==== Provided records ====

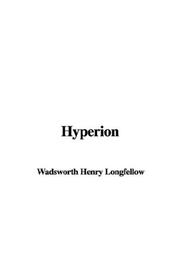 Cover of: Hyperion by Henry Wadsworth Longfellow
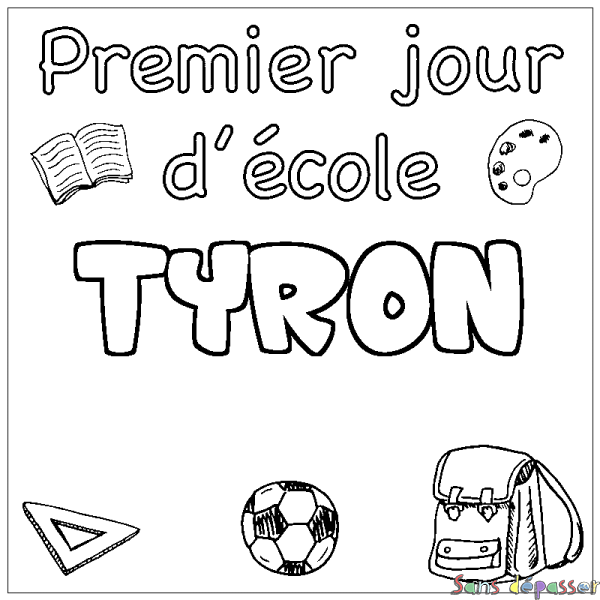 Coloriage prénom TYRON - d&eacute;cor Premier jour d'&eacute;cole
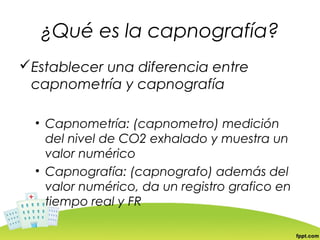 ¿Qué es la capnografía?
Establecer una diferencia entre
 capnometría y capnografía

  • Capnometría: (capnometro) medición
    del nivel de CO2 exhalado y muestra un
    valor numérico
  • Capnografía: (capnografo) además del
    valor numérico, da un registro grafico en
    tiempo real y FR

====
==== Provided records ====

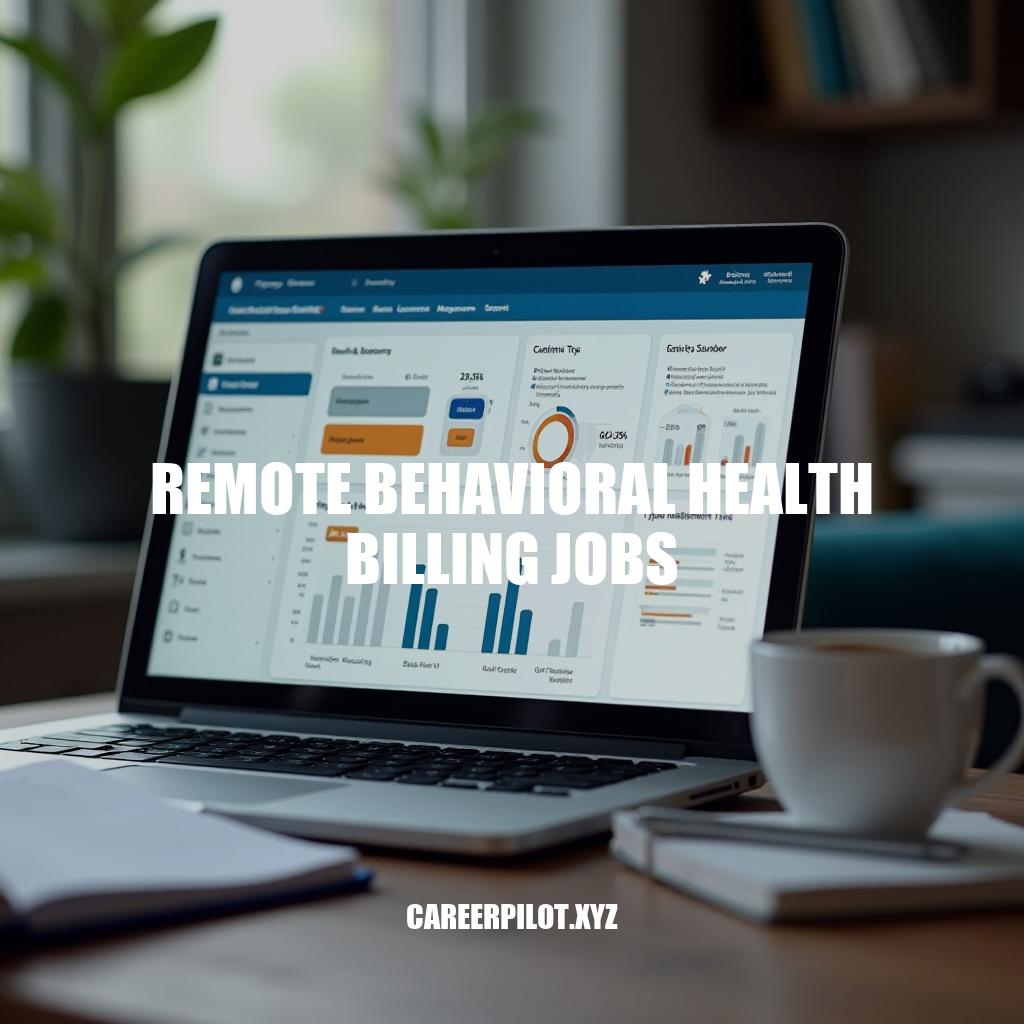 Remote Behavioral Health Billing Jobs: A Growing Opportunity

====
==== Provided records ====

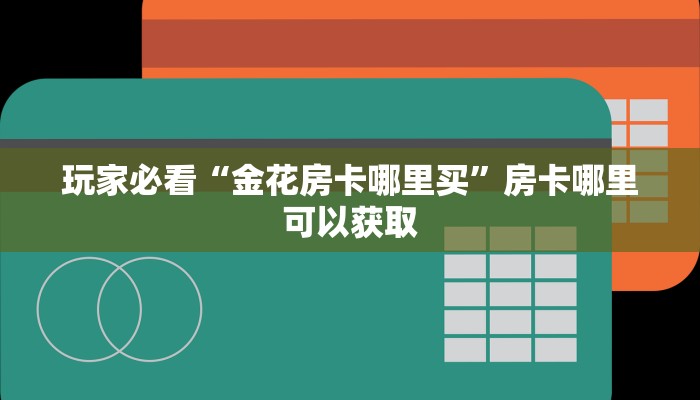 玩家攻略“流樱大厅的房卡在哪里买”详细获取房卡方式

====

=== Your instructions ===
List each line of the records that holds the string "numérico".

=== Answer for this exercise ===
    valor numérico
    valor numérico, da un registro grafico en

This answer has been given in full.